Hopson shares closed nearly 7.6% higher, while Evergrande Property Services shares fell 8%.
Heavily indebted Evergrande was in talks earlier this month to sell part of its services unit to Hopson, its smaller rival. However, Hopson announced late Wednesday that talks fell through to purchase a 50.1% stake in Evergrande Property Services. Evergrande confirmed the termination of the deal in a separate filing.
The deal would have been worth 20.04 billion Hong Kong dollars ($2.58 billion), according to filings.
Evergrande is China's second-largest developer by sales and the industry's largest issuer of offshore bonds, with a total of about $300 billion in liabilities. Worries about the company's ability to repay its debt have raised concerns of spillover into China's real estate market, which — along with related industries —accounts for about a quarter of national GDP.

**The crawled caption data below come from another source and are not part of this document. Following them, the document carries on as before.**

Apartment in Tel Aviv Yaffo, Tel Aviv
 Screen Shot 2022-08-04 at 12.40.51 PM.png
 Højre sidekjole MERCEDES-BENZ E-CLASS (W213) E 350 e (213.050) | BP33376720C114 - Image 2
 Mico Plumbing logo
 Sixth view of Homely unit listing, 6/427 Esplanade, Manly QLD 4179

Trading in the three stocks resumed Thursday, more than two weeks after the companies had halted trading ahead of a "major transaction."
The collapse of the Hopson deal comes as Evergrande nears the end of a 30-day grace period for a closely watched $83 million interest payment to investors in an offshore U.S. dollar-denominated bond. If the developer fails to pay by Saturday, it will technically default.
Evergrande said late Wednesday that since selling its $1.5 billion stake in Shengjing Bank in late September, "there has been no material progress on sale of assets of the Group."
Both companies did not immediately respond to a CNBC request for comment.
Evergrande's high reliance on debt to expand rapidly came under greater government scrutiny last year, with the rollout of "three red lines" policy for real estate companies to reduce the ratio of their debt to their assets.
China Evergrande had violated all three red lines as of the first half of this year, while Hopson and Yuexiu hadn't crossed any of those lines, according to Natixis.
Evergrande said that as of Oct. 20, the company's contracted property sales from the beginning of September totaled 3.65 billion yuan ($571.1 million).
That's 90% lower than in August, when contracted property sales totaled 38.08 billion yuan.
Year-to-date contracted sales of properties through Oct. 20 was 442.3 billion yuan, Evergrande said.
China has sought to allay fears of contagion, which spooked global markets earlier.
Since Friday, the People's Bank of China has said more than once that Evergrande is an individual, controllable case.
Most recently, central bank governor Yi Gang said Wednesday that the first measure of response is to prevent Evergrande's risks from spreading to other real estate companies.
Vice Premier Liu He said at a financial forum Wednesday that individual problems have appeared in the real estate market, and that reasonable funding needs are being met. Liu did not mention Evergrande by name.